3.3 Assumptions of the model
Some probabilistic assumptions are required for performing inference on the model parameters. In other words, to infer properties about the unknown population coefficients \(\boldsymbol{\beta}\) from the sample \((\mathbf{X}_1, Y_1),\ldots,(\mathbf{X}_n, Y_n)\).
The assumptions of the multiple linear model are an extension of the simple linear model:
- Linearity: \(\mathbb{E}[Y|X_1=x_1,\ldots,X_k=x_k]=\beta_0+\beta_1x_1+\cdots+\beta_kx_k\).
- Homoscedasticity: \(\mathbb{V}\text{ar}(\varepsilon_i)=\sigma^2\), with \(\sigma^2\) constant for \(i=1,\ldots,n\).
- Normality: \(\varepsilon_i\sim\mathcal{N}(0,\sigma^2)\) for \(i=1,\ldots,n\).
- Independence of the errors: \(\varepsilon_1,\ldots,\varepsilon_n\) are independent (or uncorrelated, \(\mathbb{E}[\varepsilon_i\varepsilon_j]=0\), \(i\neq j\), since they are assumed to be normal).
A good one-line summary of the linear model is the following (independence is assumed) \[\begin{align} Y|(X_1=x_1,\ldots,X_k=x_k)\sim \mathcal{N}(\beta_0+\beta_1x_1+\cdots+\beta_kx_k,\sigma^2).\tag{3.5} \end{align}\]
Recall:
Compared with simple liner regression, the only different assumption is linearity.
Nothing is said about the distribution of \(X_1,\ldots,X_k\). They could be deterministic or random.
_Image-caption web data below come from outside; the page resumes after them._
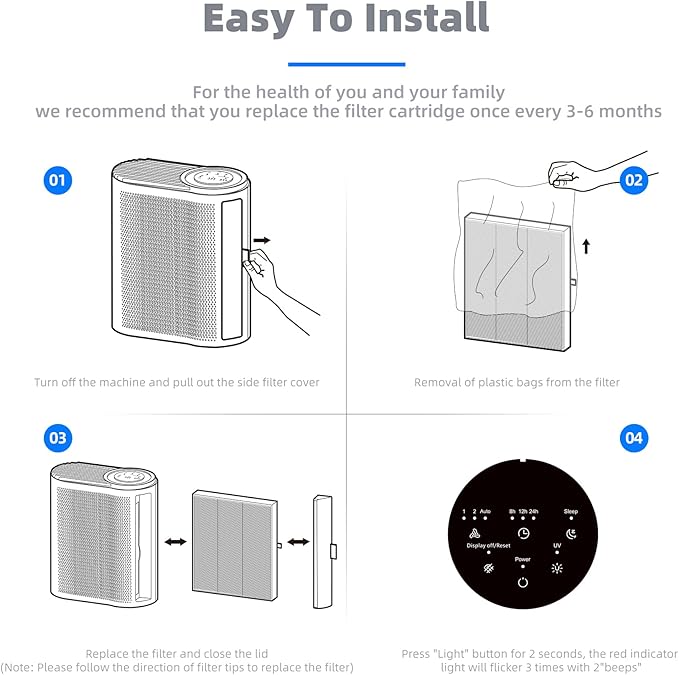 AROEVE MK04 Air Filter Replacement 4-in-1 Filter for Pollen Pet Dander Hair- Pet Dander Version(2 Pack)-PawvioPets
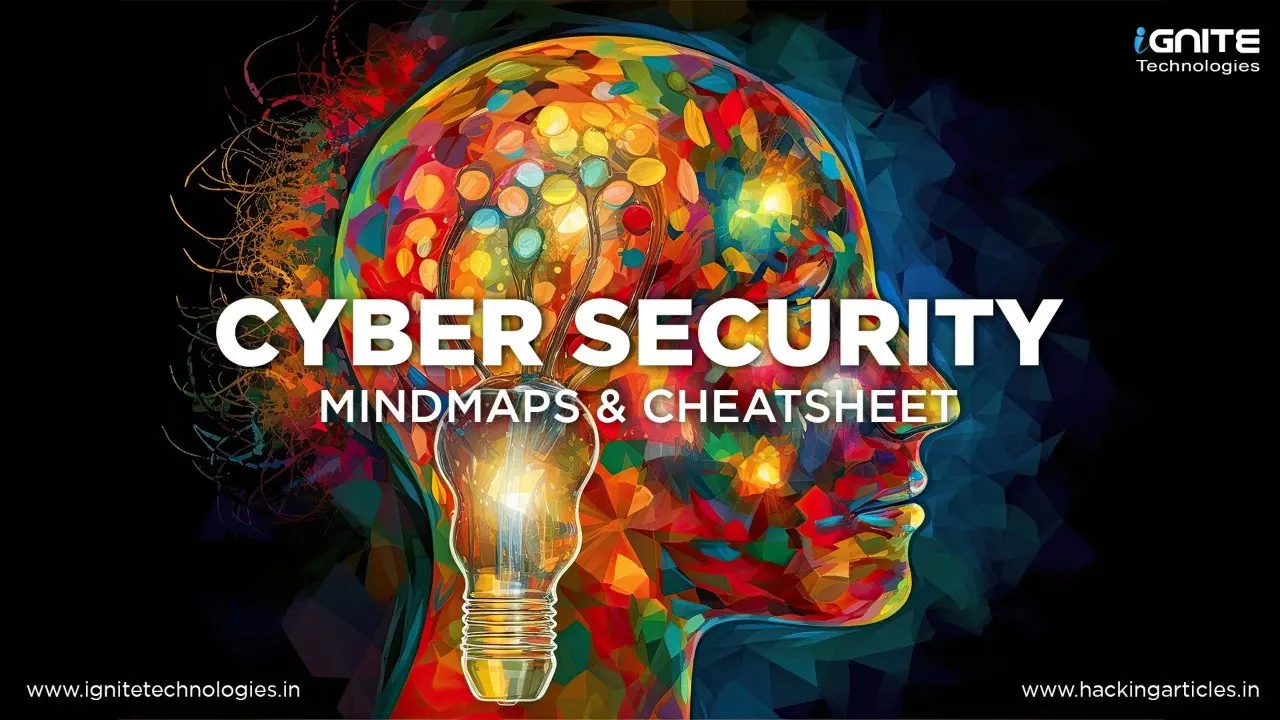 Cyber Security Mindmap практически под все)))))
Помог при обучении своей модели (ест райтапы как лучший в мире джун 😅), может кому пригодится
https://github.com/Ignitetechnologies/Mindmap | Сетка — социальная сеть от hh.ru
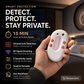 🔥Limited Time Promotion 50% OFF🔥Smart Infrared Camera Detector with LED Flashlight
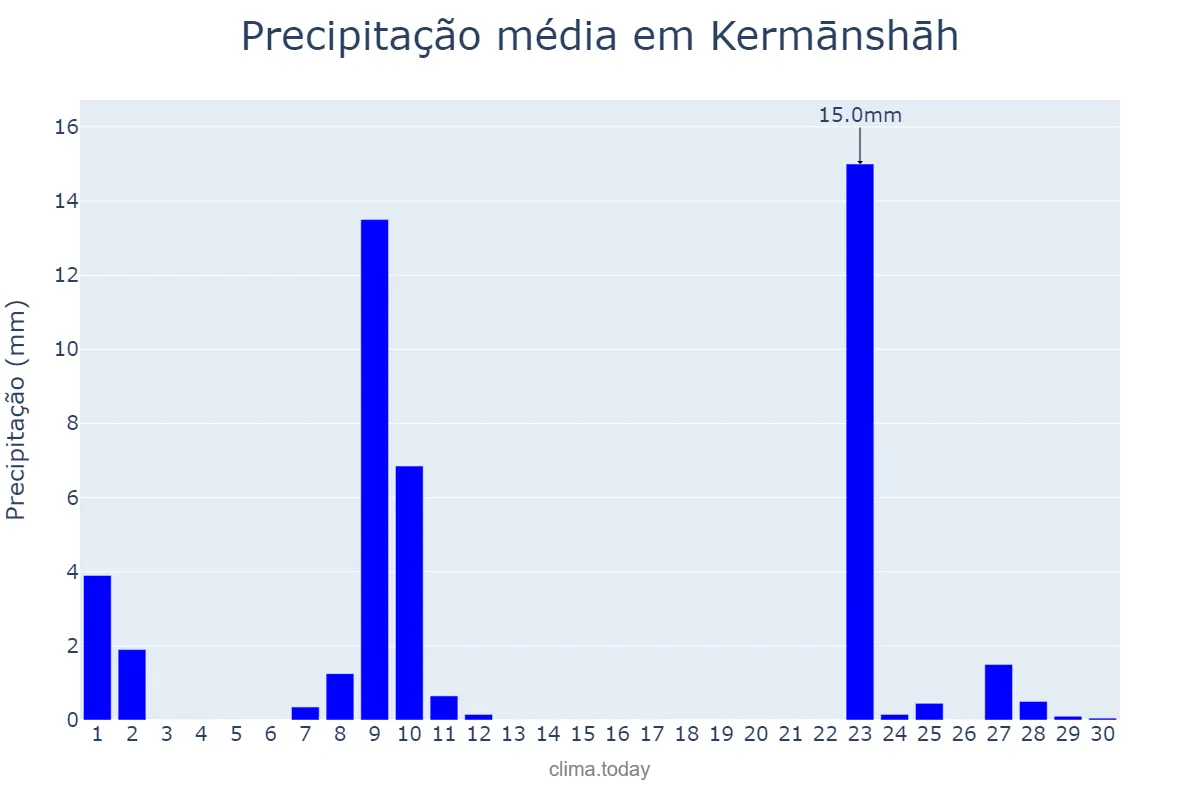 Precipitação em abril em Kermānshāh, Kermānshāh, IR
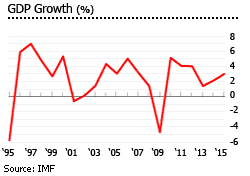 Mexico gdp growth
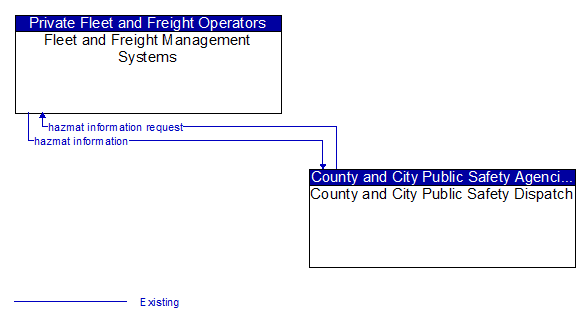 Fleet and Freight Management Systems to County and City Public Safety Dispatch Interface Diagram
They could be discrete or continuous.
\(X_1,\ldots,X_k\) are not required to be independent between them.
\(Y\) has to be continuous, since the errors are normal – recall (2.1).
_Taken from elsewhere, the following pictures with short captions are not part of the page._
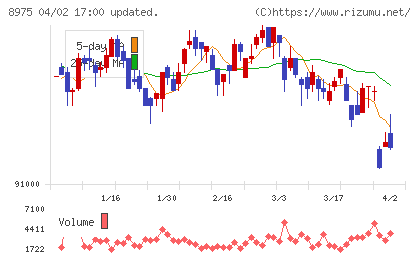 いちごオフィスリート投資法人チャート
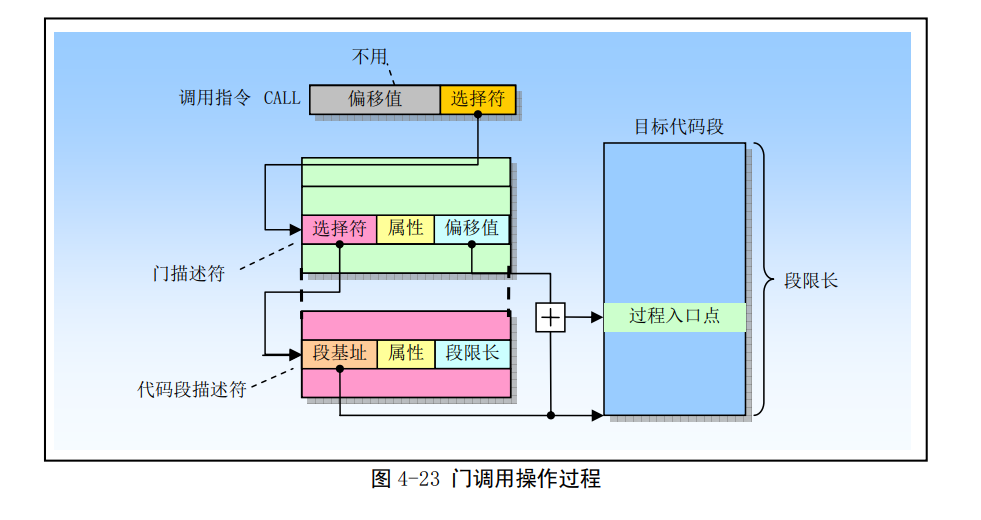 Linux第四章(80X86保护模式及其编程）-小白菜博客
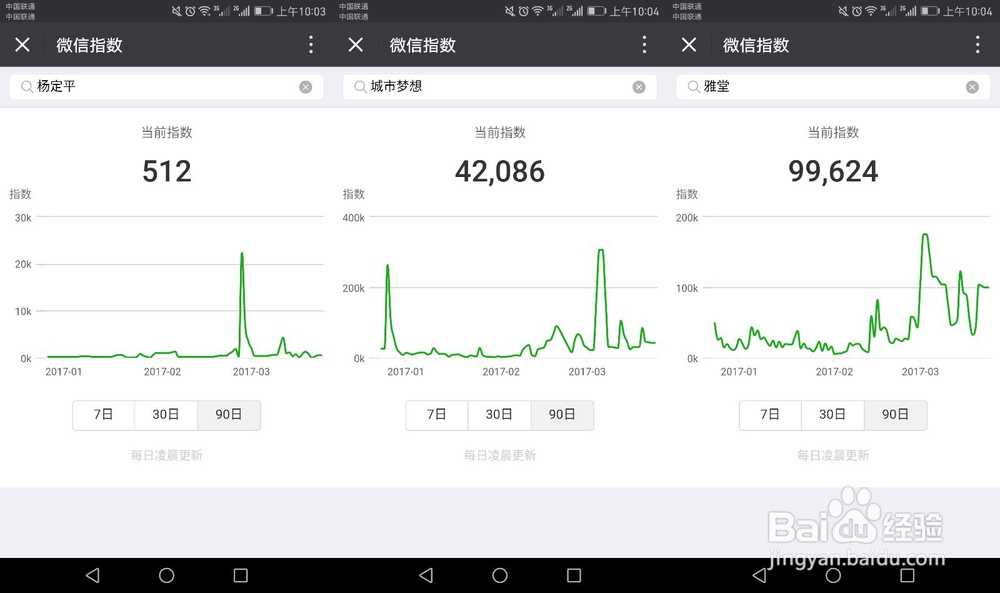 微信搜索指数怎么看,微信指数查询的2种方法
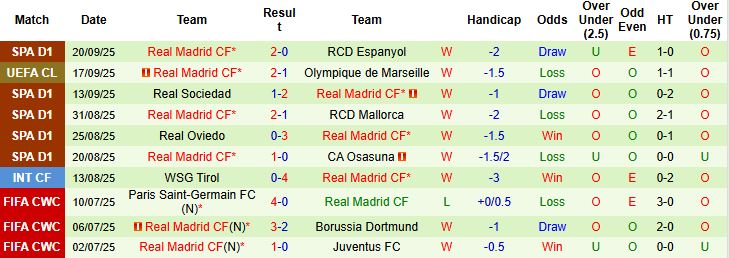 Nhận định Levante vs Real Madrid 02h30 ngày 24/09: Giữ vững ngôi đầu - Ảnh 2
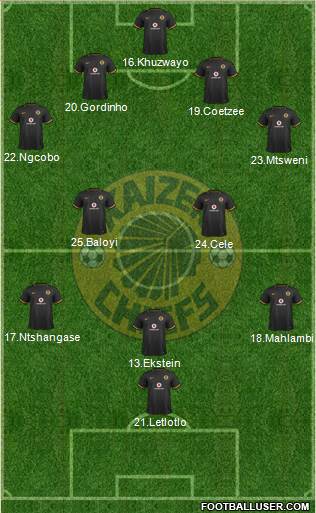 Kaizer Chiefs Formation 2017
Figure 3.8 represents situations where the assumptions of the model are respected and violated, for the situation with two predictors. Clearly, the inspection of the scatterplots for identifying strange patterns is more complicated than in simple linear regression – and here we are dealing only with two predictors. In Section 3.8 we will see more sophisticated methods for checking whether the assumptions hold or not for an arbitrary number of predictors.
To conclude this section, let’s see how to make a 3D scatterplot with the regression plane, in order to evaluate visually how good the fit of the model is. We will do it with the iris
dataset, that can be imported in R simply by running data(iris)
. In R Commander go to 'Graphs' -> '3D Graphs' -> '3D scatterplot...'
. A window like Figures 3.9 and 3.10 will pop-up. The options are similar to the ones for 'Graphs' -> 'Scatterplot...'
.
If you select the options as shown in Figures 3.9 and 3.10, you should get something like this:
data(iris)
scatter3d(Petal.Length ~ Petal.Width + Sepal.Length, data = iris, fit = "linear",
residuals = TRUE, bg = "white", axis.scales = TRUE, grid = TRUE,
ellipsoid = FALSE, id.method = 'mahal', id.n = 2)
## Loading required namespace: mgcv